_Task item_
From the line with "MissDior 18Yrs Old Escort Image - 2" to the line with "korale-matematyczne-20", retype every line exactly, including those two, and leave out the rest of the data below.

[Collected data entries]
=== Section Start ===
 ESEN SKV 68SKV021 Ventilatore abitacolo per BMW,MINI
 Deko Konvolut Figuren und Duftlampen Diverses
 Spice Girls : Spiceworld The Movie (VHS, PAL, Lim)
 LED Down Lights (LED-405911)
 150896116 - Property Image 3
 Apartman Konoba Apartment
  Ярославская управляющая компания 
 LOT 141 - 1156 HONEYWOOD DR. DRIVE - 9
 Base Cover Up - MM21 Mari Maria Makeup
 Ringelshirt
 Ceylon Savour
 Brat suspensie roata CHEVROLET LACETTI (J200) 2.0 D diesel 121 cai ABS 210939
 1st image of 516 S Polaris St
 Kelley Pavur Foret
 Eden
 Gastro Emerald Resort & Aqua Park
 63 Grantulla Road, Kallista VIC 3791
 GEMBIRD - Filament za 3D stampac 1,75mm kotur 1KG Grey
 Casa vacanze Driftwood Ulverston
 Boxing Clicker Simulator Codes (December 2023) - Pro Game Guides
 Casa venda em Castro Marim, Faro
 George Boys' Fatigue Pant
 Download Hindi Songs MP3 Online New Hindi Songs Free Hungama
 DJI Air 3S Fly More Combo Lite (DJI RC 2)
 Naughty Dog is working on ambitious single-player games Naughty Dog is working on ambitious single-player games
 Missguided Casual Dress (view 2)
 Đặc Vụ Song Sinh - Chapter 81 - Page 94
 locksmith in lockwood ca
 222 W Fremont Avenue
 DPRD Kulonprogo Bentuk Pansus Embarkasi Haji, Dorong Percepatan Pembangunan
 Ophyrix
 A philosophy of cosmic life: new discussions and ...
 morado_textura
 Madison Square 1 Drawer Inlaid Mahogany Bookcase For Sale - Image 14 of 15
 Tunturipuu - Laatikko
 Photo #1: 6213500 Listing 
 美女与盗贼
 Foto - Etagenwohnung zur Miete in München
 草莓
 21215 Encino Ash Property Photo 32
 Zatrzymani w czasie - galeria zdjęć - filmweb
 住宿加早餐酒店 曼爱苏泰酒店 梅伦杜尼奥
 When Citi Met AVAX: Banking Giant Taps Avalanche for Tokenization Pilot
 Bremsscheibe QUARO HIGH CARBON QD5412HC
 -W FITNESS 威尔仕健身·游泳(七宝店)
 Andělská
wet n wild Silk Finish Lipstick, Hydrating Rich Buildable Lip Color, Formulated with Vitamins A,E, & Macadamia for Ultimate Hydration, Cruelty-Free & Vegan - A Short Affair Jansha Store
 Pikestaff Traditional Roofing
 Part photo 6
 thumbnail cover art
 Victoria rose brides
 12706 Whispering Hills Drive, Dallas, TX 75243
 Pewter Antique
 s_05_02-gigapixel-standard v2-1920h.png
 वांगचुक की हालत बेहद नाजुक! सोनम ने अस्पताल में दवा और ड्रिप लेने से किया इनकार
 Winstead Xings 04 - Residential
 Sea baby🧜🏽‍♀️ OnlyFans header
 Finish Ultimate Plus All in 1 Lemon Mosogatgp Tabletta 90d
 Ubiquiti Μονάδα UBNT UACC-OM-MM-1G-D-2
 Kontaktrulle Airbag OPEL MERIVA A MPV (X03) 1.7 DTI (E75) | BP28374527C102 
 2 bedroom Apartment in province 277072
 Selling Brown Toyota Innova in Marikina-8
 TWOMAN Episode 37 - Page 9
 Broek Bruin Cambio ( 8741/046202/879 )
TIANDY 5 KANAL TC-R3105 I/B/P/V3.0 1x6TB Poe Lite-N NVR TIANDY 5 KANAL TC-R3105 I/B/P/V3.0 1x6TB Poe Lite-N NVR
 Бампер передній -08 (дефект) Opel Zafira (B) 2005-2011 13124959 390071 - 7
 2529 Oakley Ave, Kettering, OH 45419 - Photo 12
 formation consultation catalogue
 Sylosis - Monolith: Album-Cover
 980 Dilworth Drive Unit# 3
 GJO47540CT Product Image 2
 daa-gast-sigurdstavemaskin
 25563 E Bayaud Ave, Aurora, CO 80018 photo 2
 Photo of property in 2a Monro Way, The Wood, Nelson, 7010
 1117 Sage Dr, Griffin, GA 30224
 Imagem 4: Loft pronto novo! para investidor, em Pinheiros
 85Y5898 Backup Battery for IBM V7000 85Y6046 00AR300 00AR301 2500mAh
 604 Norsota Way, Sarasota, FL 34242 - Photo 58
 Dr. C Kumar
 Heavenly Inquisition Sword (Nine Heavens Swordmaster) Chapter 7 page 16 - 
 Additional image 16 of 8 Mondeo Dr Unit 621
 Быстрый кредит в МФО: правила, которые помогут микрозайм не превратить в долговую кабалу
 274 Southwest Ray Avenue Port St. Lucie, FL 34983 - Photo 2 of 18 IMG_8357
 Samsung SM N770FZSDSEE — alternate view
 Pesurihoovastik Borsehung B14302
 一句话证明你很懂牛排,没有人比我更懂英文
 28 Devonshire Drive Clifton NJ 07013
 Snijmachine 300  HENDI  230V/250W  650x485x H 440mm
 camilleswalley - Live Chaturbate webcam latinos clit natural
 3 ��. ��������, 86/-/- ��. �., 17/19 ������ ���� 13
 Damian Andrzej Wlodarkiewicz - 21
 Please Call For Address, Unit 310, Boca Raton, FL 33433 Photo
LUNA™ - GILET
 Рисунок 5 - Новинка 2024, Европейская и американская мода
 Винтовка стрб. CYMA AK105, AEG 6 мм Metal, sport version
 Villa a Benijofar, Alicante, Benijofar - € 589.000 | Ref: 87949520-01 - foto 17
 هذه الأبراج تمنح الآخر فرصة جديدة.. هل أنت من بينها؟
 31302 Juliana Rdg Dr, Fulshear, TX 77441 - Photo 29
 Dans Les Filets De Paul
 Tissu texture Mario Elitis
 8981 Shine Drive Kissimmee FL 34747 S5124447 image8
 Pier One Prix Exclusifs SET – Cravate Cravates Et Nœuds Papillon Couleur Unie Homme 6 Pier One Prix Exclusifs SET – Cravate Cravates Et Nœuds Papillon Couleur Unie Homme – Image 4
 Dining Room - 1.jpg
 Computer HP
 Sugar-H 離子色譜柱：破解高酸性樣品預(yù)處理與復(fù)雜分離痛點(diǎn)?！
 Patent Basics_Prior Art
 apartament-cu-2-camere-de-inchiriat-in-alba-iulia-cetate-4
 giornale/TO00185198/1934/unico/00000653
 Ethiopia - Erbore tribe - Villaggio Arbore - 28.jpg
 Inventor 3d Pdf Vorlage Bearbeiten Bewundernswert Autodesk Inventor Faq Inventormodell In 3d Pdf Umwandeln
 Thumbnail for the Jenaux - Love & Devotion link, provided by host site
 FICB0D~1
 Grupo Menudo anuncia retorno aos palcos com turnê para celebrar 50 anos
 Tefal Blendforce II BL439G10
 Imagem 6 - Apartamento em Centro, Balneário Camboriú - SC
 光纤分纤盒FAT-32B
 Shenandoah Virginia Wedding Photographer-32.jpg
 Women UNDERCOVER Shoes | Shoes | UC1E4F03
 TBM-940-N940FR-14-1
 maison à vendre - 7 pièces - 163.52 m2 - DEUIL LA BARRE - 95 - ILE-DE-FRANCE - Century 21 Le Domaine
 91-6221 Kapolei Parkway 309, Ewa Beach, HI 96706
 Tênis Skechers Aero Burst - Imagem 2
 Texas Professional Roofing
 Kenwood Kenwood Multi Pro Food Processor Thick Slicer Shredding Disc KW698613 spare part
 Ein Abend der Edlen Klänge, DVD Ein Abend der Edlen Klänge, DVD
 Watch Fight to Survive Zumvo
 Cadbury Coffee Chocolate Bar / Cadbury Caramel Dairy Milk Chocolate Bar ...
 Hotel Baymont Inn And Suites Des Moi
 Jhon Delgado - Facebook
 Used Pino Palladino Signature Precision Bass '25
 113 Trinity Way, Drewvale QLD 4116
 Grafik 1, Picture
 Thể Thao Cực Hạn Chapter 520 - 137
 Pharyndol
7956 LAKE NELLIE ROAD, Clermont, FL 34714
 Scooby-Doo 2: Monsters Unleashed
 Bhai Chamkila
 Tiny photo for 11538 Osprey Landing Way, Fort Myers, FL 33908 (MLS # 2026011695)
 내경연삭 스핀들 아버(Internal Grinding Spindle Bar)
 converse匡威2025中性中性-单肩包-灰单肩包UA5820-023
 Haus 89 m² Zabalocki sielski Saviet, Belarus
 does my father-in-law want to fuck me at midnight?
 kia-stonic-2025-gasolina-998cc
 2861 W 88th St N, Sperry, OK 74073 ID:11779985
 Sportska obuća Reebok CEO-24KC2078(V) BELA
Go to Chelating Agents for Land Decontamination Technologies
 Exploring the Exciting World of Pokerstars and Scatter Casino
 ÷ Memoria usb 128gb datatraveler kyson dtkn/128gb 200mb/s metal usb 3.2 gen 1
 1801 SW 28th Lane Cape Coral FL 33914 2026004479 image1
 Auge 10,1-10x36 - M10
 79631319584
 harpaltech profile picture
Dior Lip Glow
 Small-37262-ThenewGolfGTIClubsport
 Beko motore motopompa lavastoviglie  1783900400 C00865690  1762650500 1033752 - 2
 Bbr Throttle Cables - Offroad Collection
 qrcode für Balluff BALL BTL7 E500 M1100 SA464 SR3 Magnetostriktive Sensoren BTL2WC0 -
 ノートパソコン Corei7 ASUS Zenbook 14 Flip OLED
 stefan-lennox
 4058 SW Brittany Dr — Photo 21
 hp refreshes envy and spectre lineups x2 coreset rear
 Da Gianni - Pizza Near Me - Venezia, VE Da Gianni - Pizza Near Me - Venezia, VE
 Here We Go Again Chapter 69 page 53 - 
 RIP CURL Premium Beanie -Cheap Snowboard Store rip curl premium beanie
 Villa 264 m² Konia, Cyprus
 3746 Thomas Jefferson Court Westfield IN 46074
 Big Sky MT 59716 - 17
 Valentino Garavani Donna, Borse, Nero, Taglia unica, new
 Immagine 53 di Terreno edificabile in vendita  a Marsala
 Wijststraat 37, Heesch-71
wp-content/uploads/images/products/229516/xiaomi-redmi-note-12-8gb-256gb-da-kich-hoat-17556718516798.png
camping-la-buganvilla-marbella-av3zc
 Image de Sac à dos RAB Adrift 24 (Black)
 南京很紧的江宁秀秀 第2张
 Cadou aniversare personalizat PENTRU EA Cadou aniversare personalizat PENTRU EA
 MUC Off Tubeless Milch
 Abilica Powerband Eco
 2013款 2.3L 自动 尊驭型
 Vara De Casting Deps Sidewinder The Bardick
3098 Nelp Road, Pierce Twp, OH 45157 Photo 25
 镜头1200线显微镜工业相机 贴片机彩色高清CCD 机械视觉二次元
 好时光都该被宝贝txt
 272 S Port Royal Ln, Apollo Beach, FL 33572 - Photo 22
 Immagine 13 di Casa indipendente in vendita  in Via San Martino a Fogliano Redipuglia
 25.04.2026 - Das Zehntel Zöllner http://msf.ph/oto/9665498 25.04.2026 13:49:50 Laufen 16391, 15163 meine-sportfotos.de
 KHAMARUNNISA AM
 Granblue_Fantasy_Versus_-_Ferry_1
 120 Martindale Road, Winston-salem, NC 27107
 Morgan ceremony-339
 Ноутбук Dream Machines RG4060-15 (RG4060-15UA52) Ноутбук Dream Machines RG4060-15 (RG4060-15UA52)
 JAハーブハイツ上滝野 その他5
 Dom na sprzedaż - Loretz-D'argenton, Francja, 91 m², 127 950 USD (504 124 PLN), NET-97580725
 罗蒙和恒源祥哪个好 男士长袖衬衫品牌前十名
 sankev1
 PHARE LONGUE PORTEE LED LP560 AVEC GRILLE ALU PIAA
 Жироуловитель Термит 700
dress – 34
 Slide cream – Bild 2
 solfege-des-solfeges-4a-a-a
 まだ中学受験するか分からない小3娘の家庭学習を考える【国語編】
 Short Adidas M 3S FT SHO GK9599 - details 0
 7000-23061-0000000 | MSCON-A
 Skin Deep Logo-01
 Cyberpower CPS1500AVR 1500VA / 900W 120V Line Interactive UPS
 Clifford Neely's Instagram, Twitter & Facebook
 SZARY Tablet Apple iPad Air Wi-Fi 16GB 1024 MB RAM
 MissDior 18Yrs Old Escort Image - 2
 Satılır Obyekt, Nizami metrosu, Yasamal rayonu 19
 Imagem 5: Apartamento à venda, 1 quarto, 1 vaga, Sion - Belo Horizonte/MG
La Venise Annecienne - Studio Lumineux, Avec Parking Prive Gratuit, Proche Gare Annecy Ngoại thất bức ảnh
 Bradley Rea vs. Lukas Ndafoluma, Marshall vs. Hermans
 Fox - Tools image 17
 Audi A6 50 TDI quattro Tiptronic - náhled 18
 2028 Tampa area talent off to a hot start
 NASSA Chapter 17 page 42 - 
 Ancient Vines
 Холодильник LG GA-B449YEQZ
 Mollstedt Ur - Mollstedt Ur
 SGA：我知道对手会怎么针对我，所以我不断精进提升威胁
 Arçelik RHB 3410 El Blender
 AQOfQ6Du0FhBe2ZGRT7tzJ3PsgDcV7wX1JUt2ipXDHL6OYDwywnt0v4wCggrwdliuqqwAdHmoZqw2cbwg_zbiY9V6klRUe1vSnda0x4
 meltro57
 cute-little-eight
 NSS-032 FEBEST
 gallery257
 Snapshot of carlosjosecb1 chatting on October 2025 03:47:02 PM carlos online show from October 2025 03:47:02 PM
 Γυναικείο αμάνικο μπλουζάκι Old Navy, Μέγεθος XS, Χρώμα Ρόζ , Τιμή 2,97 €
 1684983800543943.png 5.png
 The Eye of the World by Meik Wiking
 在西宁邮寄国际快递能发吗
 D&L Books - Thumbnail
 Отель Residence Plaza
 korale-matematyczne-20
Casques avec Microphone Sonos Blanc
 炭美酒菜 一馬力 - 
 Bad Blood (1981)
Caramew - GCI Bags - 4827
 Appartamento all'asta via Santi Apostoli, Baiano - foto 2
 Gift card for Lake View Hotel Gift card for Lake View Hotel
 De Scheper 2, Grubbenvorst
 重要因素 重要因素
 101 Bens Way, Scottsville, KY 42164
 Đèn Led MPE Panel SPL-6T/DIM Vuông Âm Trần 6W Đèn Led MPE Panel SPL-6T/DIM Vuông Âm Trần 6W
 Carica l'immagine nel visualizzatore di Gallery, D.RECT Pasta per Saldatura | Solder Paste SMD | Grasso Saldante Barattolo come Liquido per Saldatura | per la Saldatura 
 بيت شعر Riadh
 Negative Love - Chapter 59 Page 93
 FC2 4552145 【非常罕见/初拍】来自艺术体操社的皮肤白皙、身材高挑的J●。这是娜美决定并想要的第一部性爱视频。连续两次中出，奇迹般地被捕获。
=== Section End ===
_Response_
 MissDior 18Yrs Old Escort Image - 2
 Satılır Obyekt, Nizami metrosu, Yasamal rayonu 19
 Imagem 5: Apartamento à venda, 1 quarto, 1 vaga, Sion - Belo Horizonte/MG
La Venise Annecienne - Studio Lumineux, Avec Parking Prive Gratuit, Proche Gare Annecy Ngoại thất bức ảnh
 Bradley Rea vs. Lukas Ndafoluma, Marshall vs. Hermans
 Fox - Tools image 17
 Audi A6 50 TDI quattro Tiptronic - náhled 18
 2028 Tampa area talent off to a hot start
 NASSA Chapter 17 page 42 - 
 Ancient Vines
 Холодильник LG GA-B449YEQZ
 Mollstedt Ur - Mollstedt Ur
 SGA：我知道对手会怎么针对我，所以我不断精进提升威胁
 Arçelik RHB 3410 El Blender
 AQOfQ6Du0FhBe2ZGRT7tzJ3PsgDcV7wX1JUt2ipXDHL6OYDwywnt0v4wCggrwdliuqqwAdHmoZqw2cbwg_zbiY9V6klRUe1vSnda0x4
 meltro57
 cute-little-eight
 NSS-032 FEBEST
 gallery257
 Snapshot of carlosjosecb1 chatting on October 2025 03:47:02 PM carlos online show from October 2025 03:47:02 PM
 Γυναικείο αμάνικο μπλουζάκι Old Navy, Μέγεθος XS, Χρώμα Ρόζ , Τιμή 2,97 €
 1684983800543943.png 5.png
 The Eye of the World by Meik Wiking
 在西宁邮寄国际快递能发吗
 D&L Books - Thumbnail
 Отель Residence Plaza
 korale-matematyczne-20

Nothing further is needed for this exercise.